The use of virtual reality techniques is becoming increasingly common in television 
and video production, however application in sports coverage is at present relatively 
limited. Replays, slow motion and detailed analysis of sports events are popular, and 
there is a growing desire to be able to provide computer enhanced images and 
sequences for these purposes. A wide variety of virtual techniques have been 
proposed in the field of video and television production. 

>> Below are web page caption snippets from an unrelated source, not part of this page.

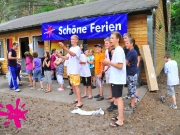 arendsee-1-durchgang-71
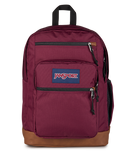 JS0A2SDDA0A-FRONT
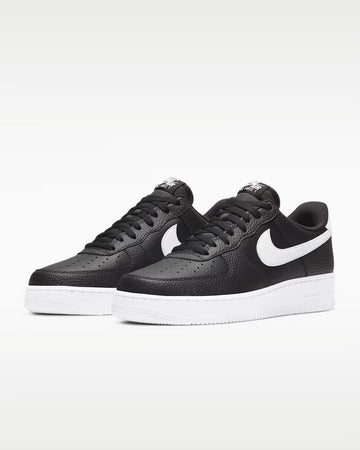 Men's Premium Classic Trainers – Buy 1, Get 2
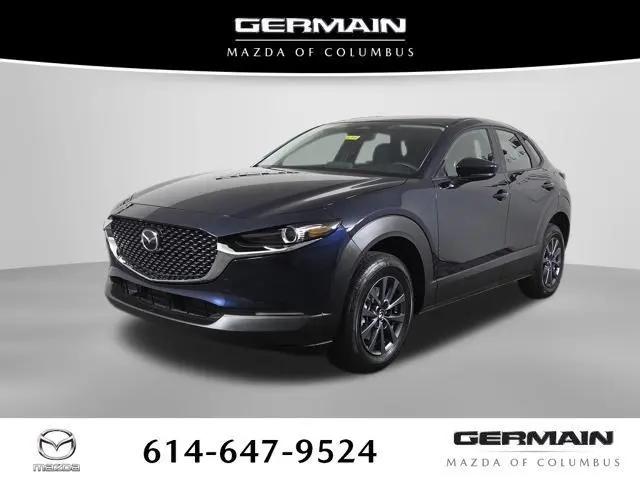 2026 Mazda CX-30 2.5 S for sale in Columbus, OH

Examples of prior art techniques in the field of sports coverage include the Epsis 
system produced by Symah Vision, which is regularly used to provide tied-to-pitch 
logos, scores, distance lines, etc. for football, rugby, and other sports. This system is 
limited however to relatively simple graphics, and works with a camera at a fixed 
position. It would be desirable to provide more sophisticated image and video 
manipulations of live action events such as sports coverage. 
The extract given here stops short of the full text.